Site Reliability Engineer – DevOps – Infrastructure
One of our top Clients int he Human Capital Management space is looking for a SRE Infrastructure automation candidate to join their team.
Our Client offers the vibe of a startup with the resources of a large company, and you’ll have plenty of opportunities to help drive and validate product strategy.
The Technology Stack
- Architecture – API-driven, distributed, service-oriented architecture
- Frontend : React/Redux, Swagger + Backbone/Handlebars/jQuery
- Backend: Java 8, Spring Boot, Solr, Kafka, Zuul
- Build: Jenkins, Docker, Artifactory, Gradle
- Infrastructure: AWS, Consul, Nomad, TerraForm, Vault, Salt, MySQL/RDS
- Quality Assurance: Mabl, Locust/BlazeMeter, python-based API test automation
Things you’ll do
- Work with product engineering teams as well as architects and application platform team and help them build services that scale and perform in a distributed microservice architecture.
- Create metrics which feed into our observability systems and dashboards to give insights for the developers and operations teams.
- Develop internal tools and help solve problems up and down the stack.
- Define alerting thresholds, assist in troubleshooting of application issues and help lead post mortems.
- Build out infrastructure to support these apps by using terraform to spin up aws environments, or creating docker containers to deploy into our schedulers.
- Try to break stuff! Our apps must be battle tested and able to withstand different failure scenarios. Load/stress testing, chaos engineering type experiments, anything to make sure our customers never deal with downtime or failure. We thrive at 99.99% availability.
- Participate in oncall alongside developers and be available to work with our client/customer support teams if necessary.
What we’re looking for
- Designed, deployed, and managed large cloud infrastructures such as AWS, GCE, Azure, etc.
- Solid understanding of managing cloud native application systems.
- Excellent oral and written communication. Ability to convey ideas internally to co-workers as well as externally through meetups and talks.
- Ability to understand distributed software architectures and troubleshoot them from infrastructure through application layers.
- Experience with containers and how they work internally. Deployment into a production environment using a scheduler like Nomad / Kubernetes / Mesos / ECS a plus.
- Implemented a service discovery system using tools like Consul/Smartstack/EtcD for dynamic environments.
- Ability to write code/scripts using languages such as Python, Go, Ruby.
- Passion for technology and desire to push our tech stack forward.
- Be a team player and work closely with developers and operations.
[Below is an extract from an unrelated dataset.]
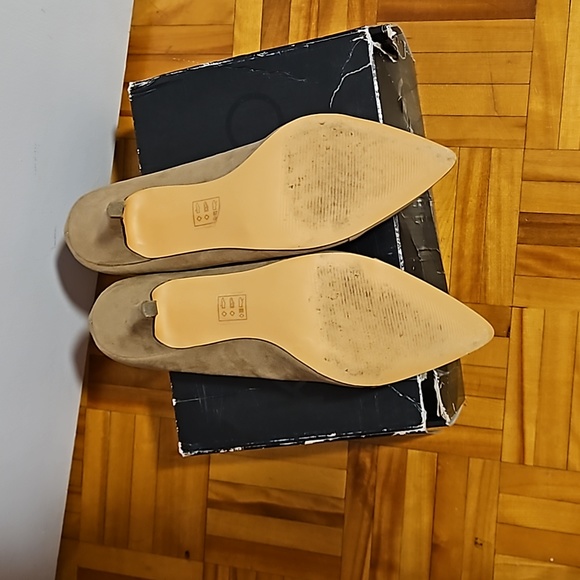 Shoes - Picture 2 of 5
- Experience with Monitoring, Instrumentation and performance engineering.
Nice to have
- Experience in a “continuous delivery/deployment” environment and supporting tools.
- Worked with API/SPA architectures
- Knowledge of service mesh technologies like Envoy/LinkerD
- Experience with Java and JVM in a production environment.
- Ability to configure and customize monitoring tools (Prometheus, Grafana, New Relic, Graphite, etc)